What this task involves: Word for word, restate every record, though not the pictures.
╭─ Given information
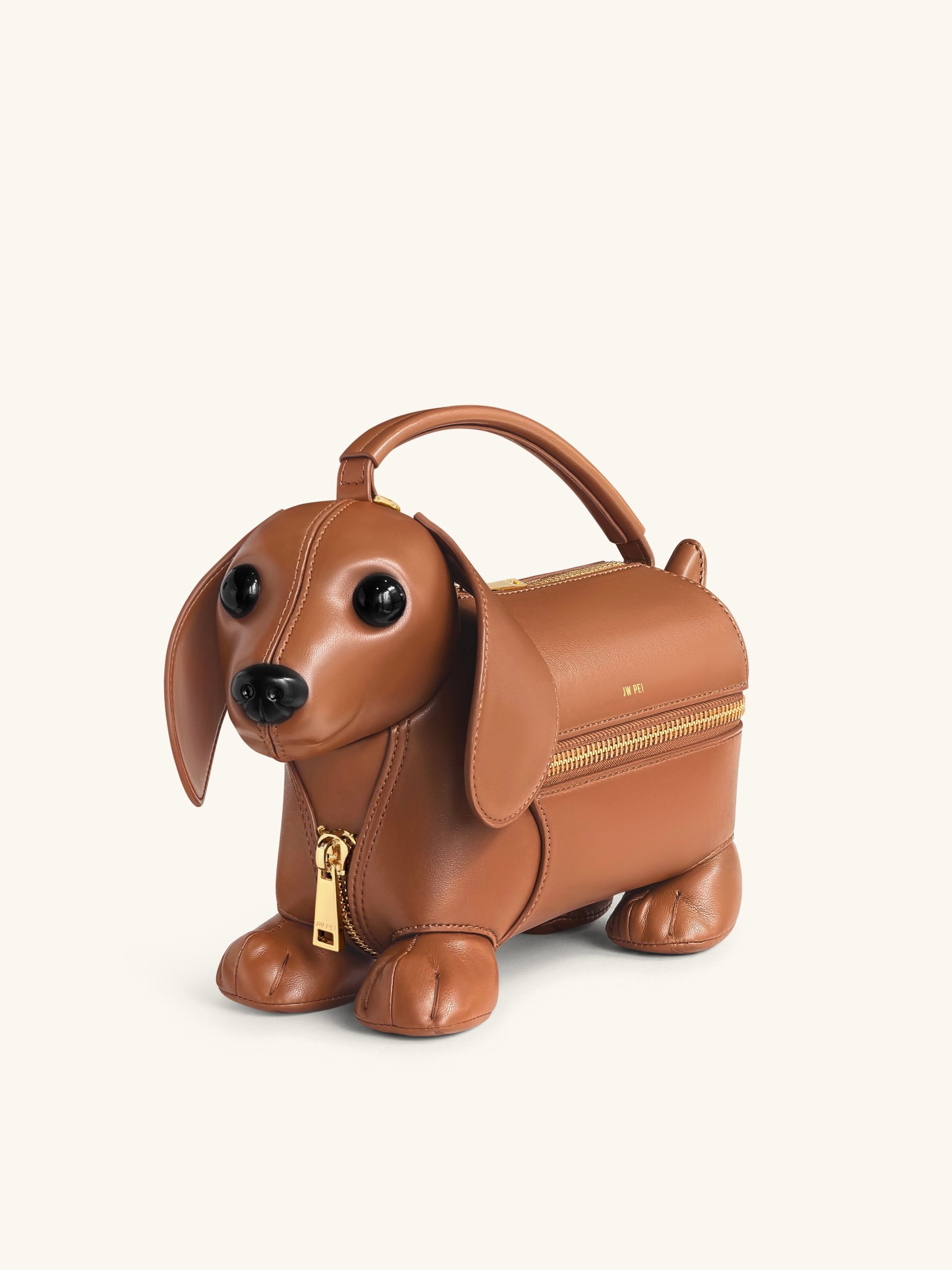 Emilia Sac en forme de chien - Marron – Image 2
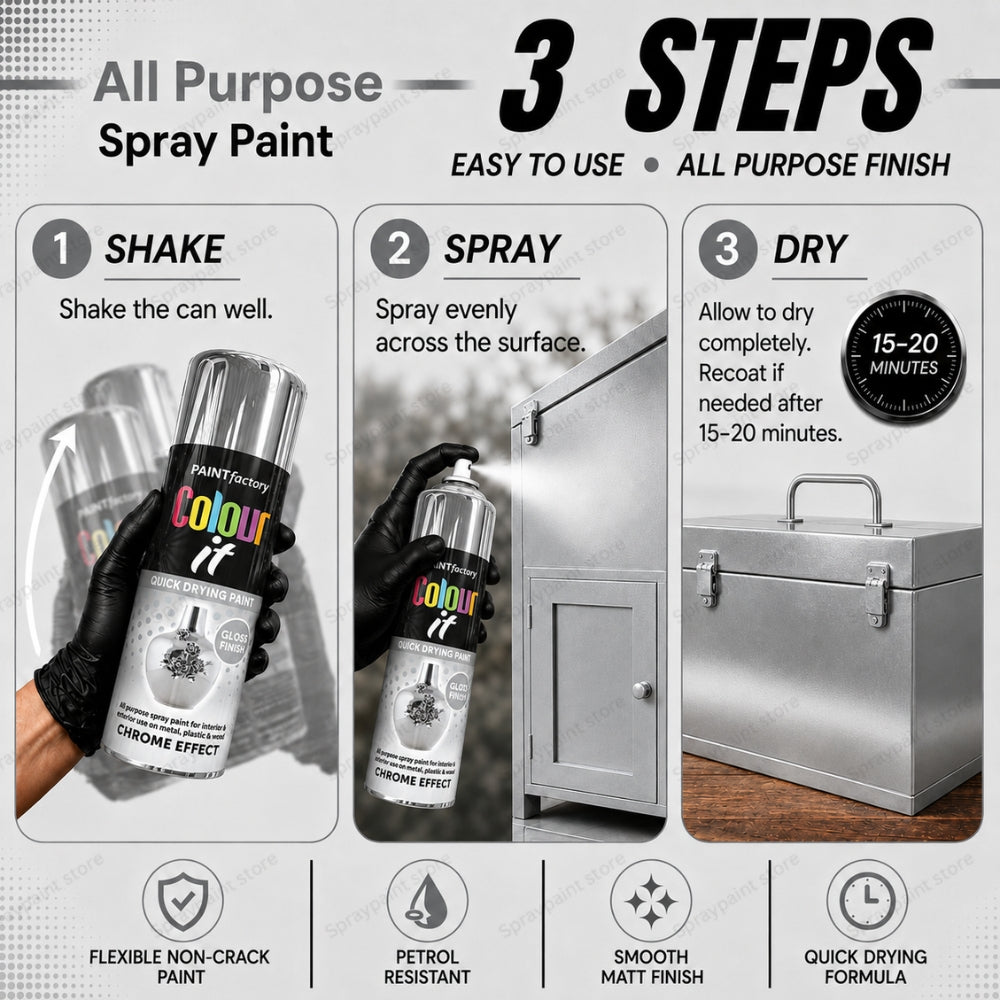 Chrome Gloss 400ml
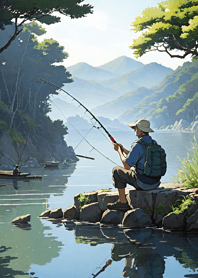 Pemancingan Santai 8Rzkx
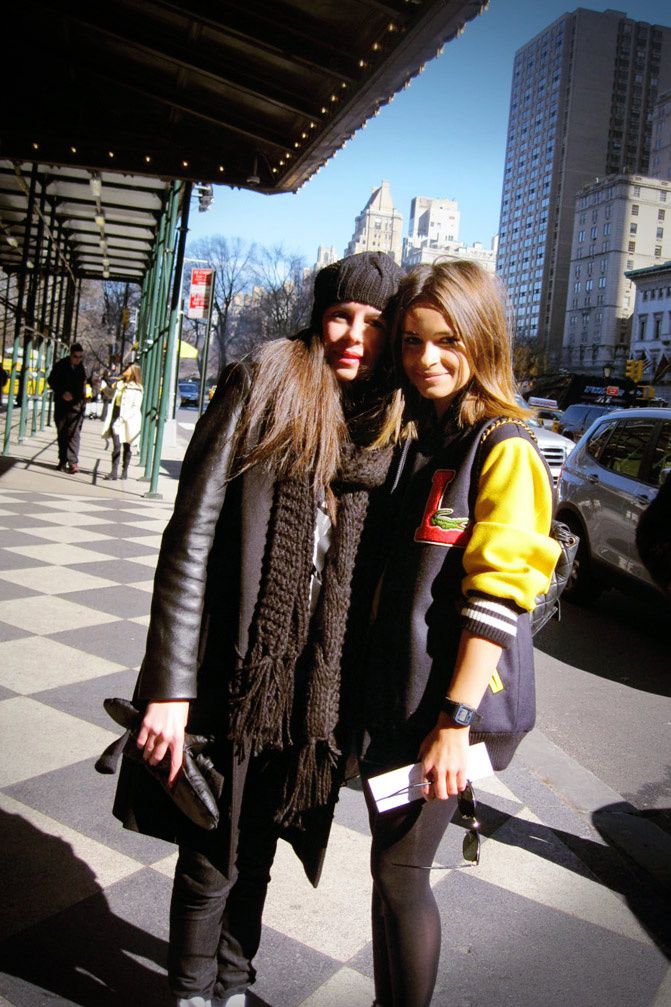New York Fashion Week, Plaza Hotel, Miroslava Duma
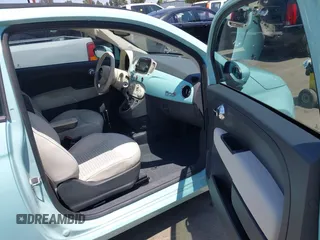 2017 FIAT 500 Pop with VIN 3C3CFFLR3HT506062, listed as a IAAI auction lot 42444159 with 118,393 mi miles and . Bid and sale history available at DreamBid. Image 5.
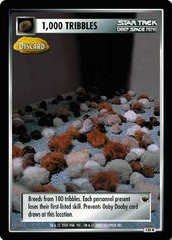 1,000 Tribbles (discard)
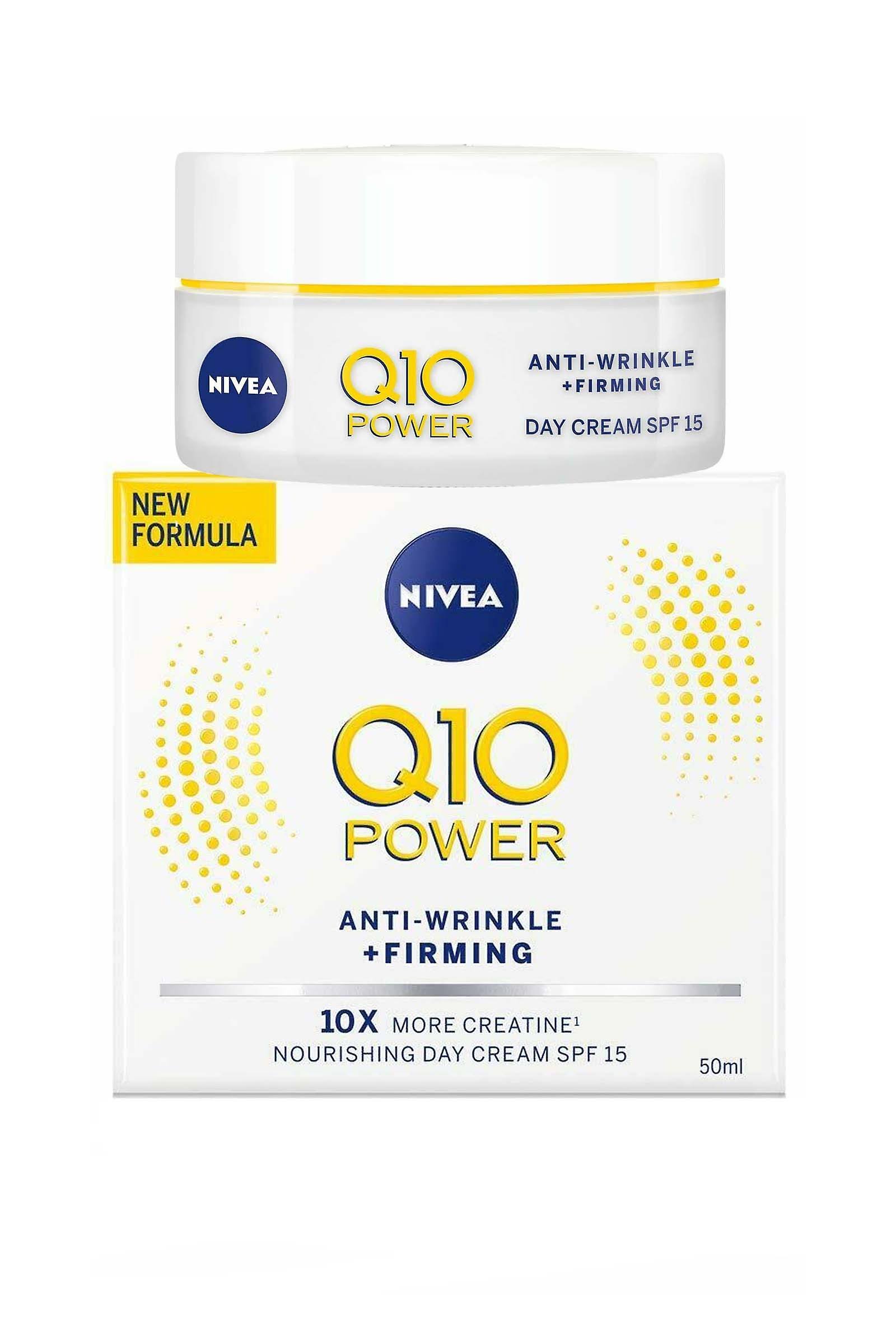 Nivea Q10 Power Anti-wrinkle & Firming Day Cream 50ml
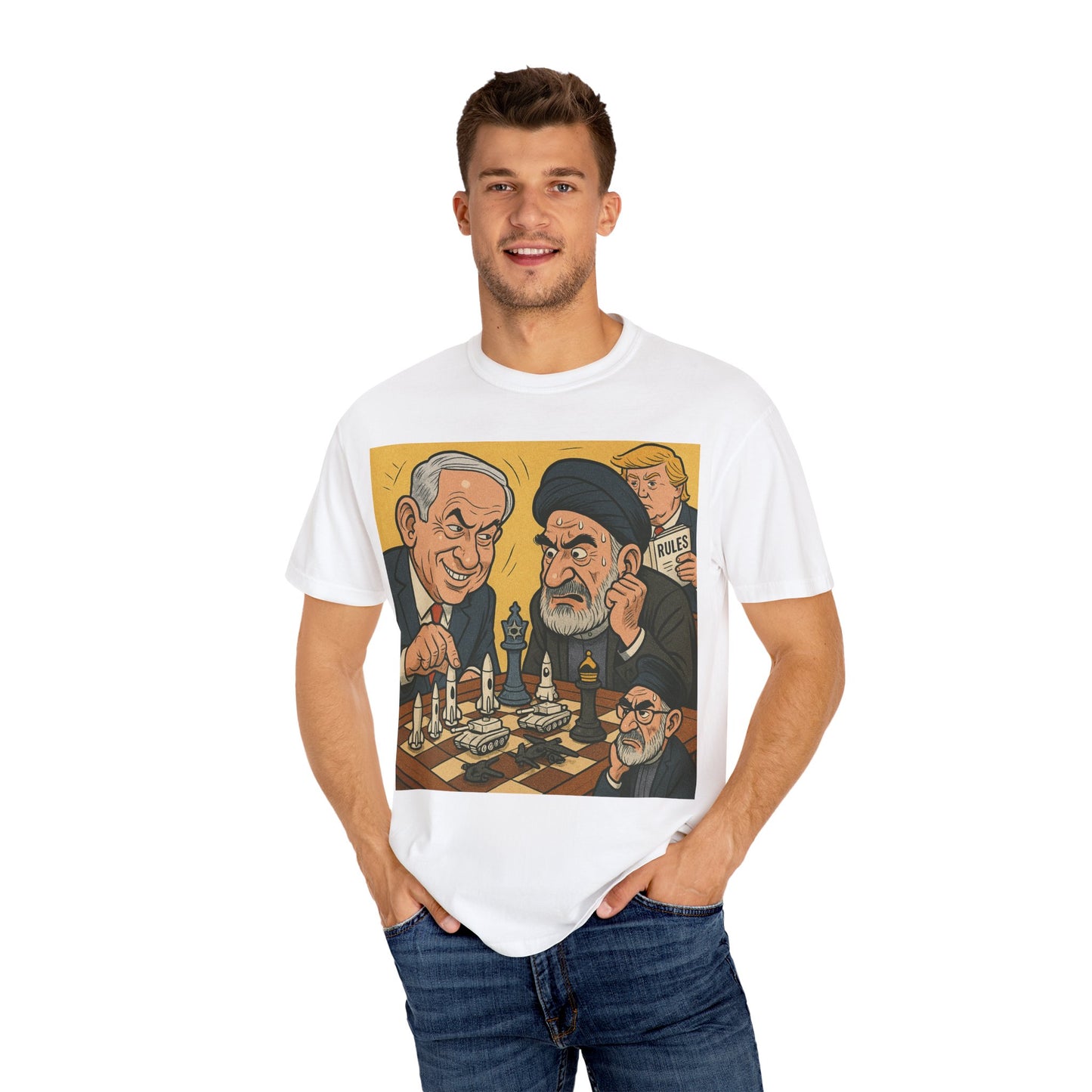Футболка "Middle East Chess Club"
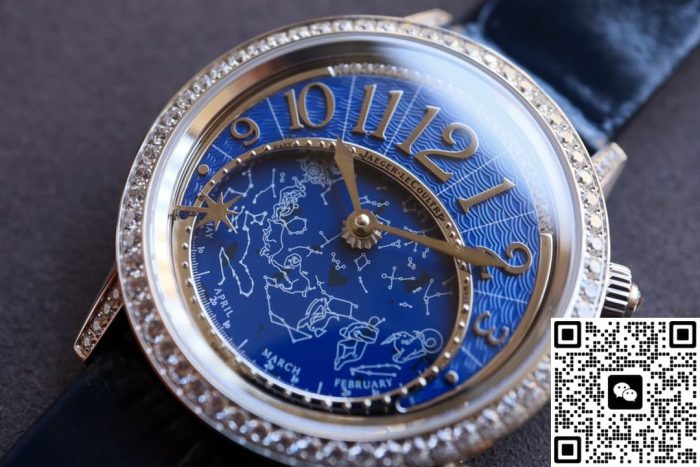 Replica Jaeger-LeCoultre Rendez-Vous 3483590 CC Factory Lacquered dial - Image 6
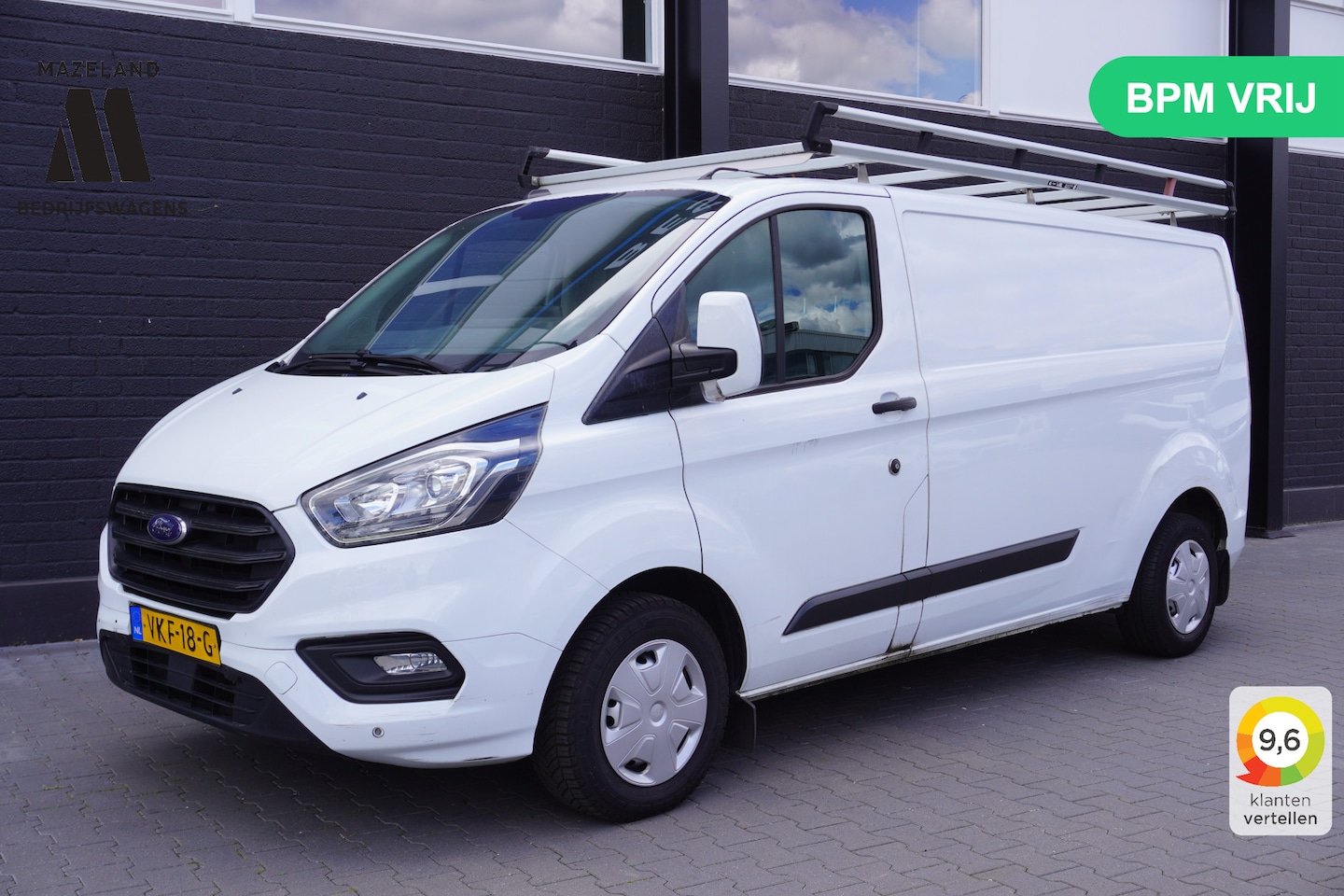 Ford Transit Custom - 2.0 TDCI 130PK L2 MHEV EURO 6 - Airco - Cruise - PDC - €13.950,- Excl. - AutoWereld.nl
╰─
Answer:
 Emilia Sac en forme de chien - Marron – Image 2
 Chrome Gloss 400ml
 Pemancingan Santai 8Rzkx
New York Fashion Week, Plaza Hotel, Miroslava Duma
 2017 FIAT 500 Pop with VIN 3C3CFFLR3HT506062, listed as a IAAI auction lot 42444159 with 118,393 mi miles and . Bid and sale history available at DreamBid. Image 5.
 1,000 Tribbles (discard)
 Nivea Q10 Power Anti-wrinkle & Firming Day Cream 50ml
Футболка "Middle East Chess Club"
 Replica Jaeger-LeCoultre Rendez-Vous 3483590 CC Factory Lacquered dial - Image 6
 Ford Transit Custom - 2.0 TDCI 130PK L2 MHEV EURO 6 - Airco - Cruise - PDC - €13.950,- Excl. - AutoWereld.nl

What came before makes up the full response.